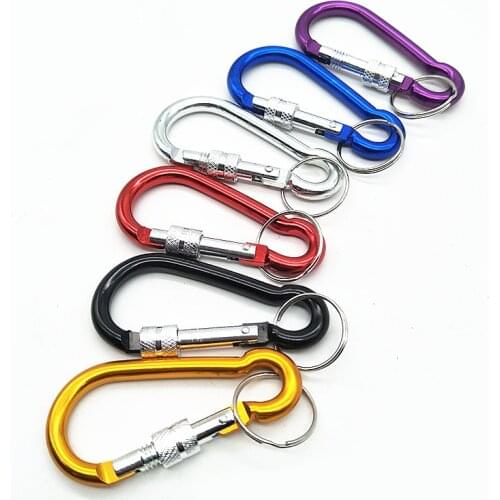 12pcs 5#Locking Carabiner with Lock Mixed Color Aluminum Alloy Keychain for Key Car EDF88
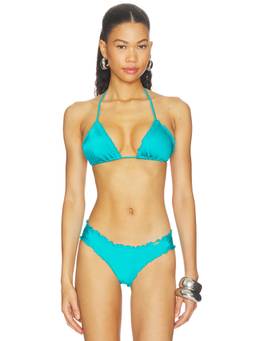 Luli Fama - Cosita Buena Women's Removable Padded Halter Tie-Up Bikini Top Teal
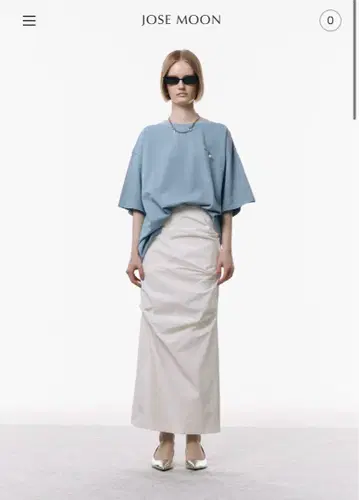 JOSEMOONIRREGULAR TUCK TIGHT SKIRT 화이트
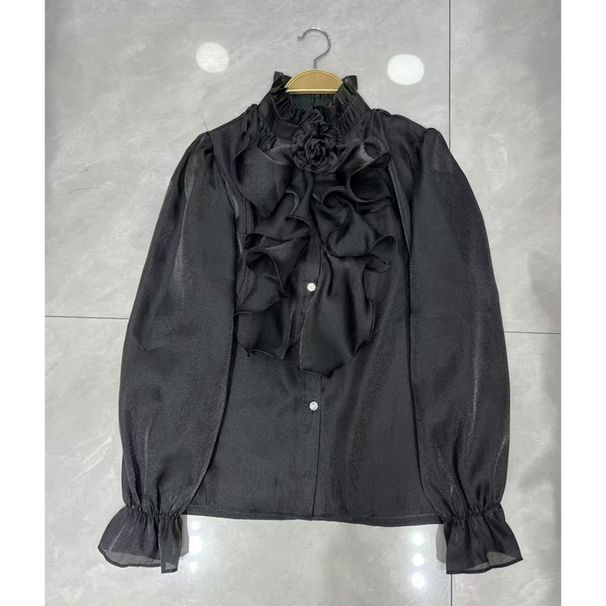 Κομψή γυναικεία μπλούζα με μανίκια και γιακά με όρθιο γιακά - Λευκό τοπ με βολάν, ανοιχτόχρωμο πολυτελές στυλ παλατιού, φθινοπωρινή μόδα_voghion.com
* * *
Brief - The answer is the whole listing retyped exactly, with pictures omitted.

Written reply -
 12pcs 5#Locking Carabiner with Lock Mixed Color Aluminum Alloy Keychain for Key Car EDF88
 Luli Fama - Cosita Buena Women's Removable Padded Halter Tie-Up Bikini Top Teal
 JOSEMOONIRREGULAR TUCK TIGHT SKIRT 화이트
 Κομψή γυναικεία μπλούζα με μανίκια και γιακά με όρθιο γιακά - Λευκό τοπ με βολάν, ανοιχτόχρωμο πολυτελές στυλ παλατιού, φθινοπωρινή μόδα_voghion.com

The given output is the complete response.